## ABOUT THIS TASK
Having located the line with "musée du louvre pyramid", repeat it and all remaining lines of the records exactly. Pictures do not belong in the answer.

## TASK INPUT
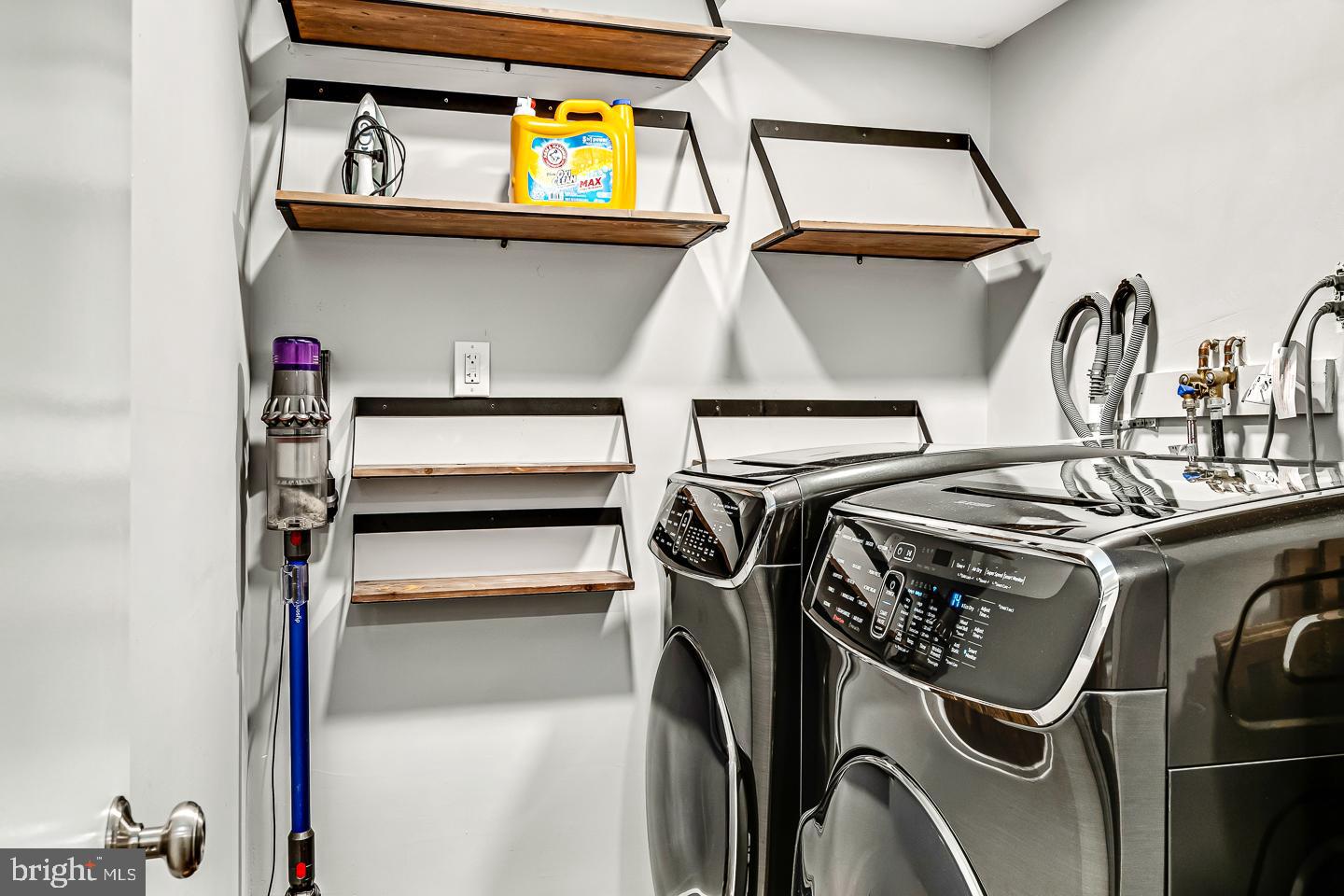 2947 PENNSYLVANIA AVENUE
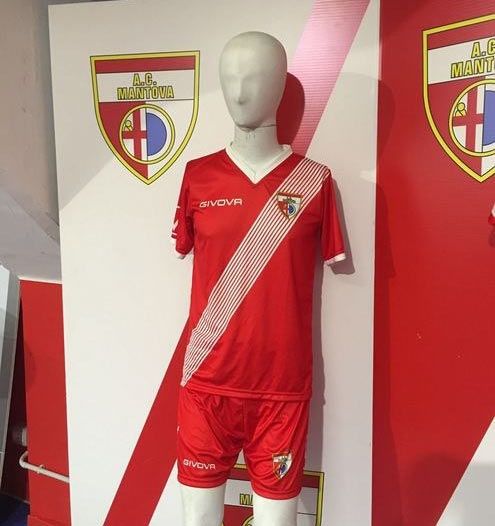 Seconda maglia Mantova 2016-2017 rossa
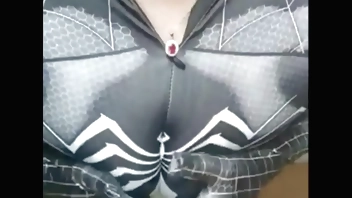 粉墨人生-角色扮演之女蜘蛛侠狂玩自己的小逼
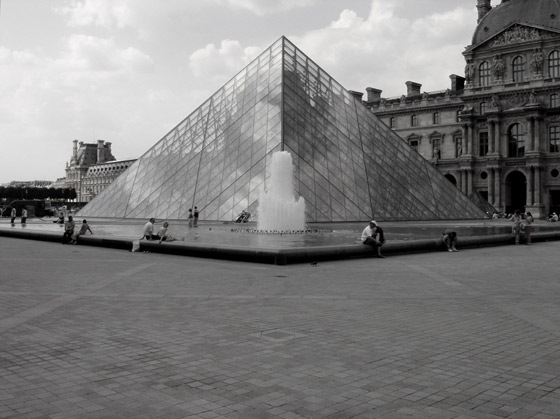 musée du louvre pyramid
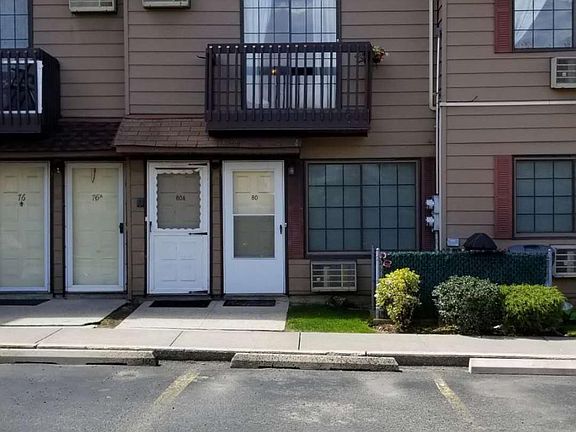 3rd image of 80A Daffodil Ln #118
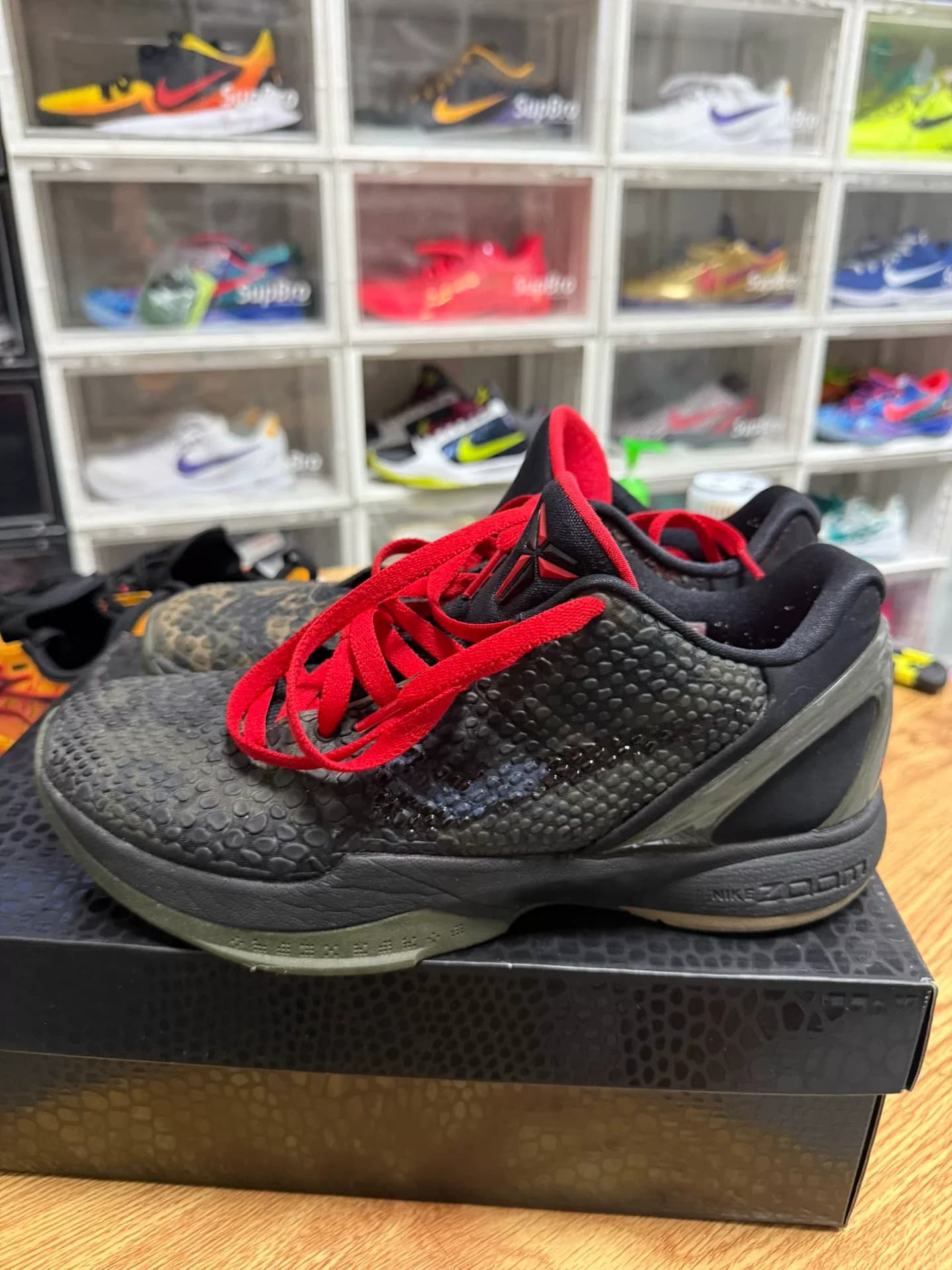 крючок kobe6 Италия, размер 43, выпал из краски, все это было удалено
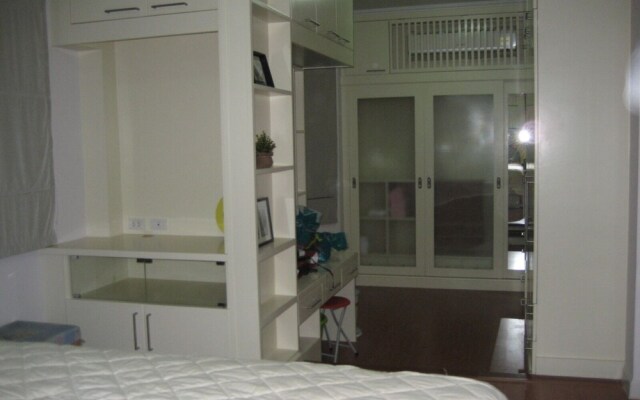 Private Home - Quite and saving in Bangkok Rama2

## SOLUTION TO THE EXERCISE
 musée du louvre pyramid
 3rd image of 80A Daffodil Ln #118
 крючок kobe6 Италия, размер 43, выпал из краски, все это было удалено
 Private Home - Quite and saving in Bangkok Rama2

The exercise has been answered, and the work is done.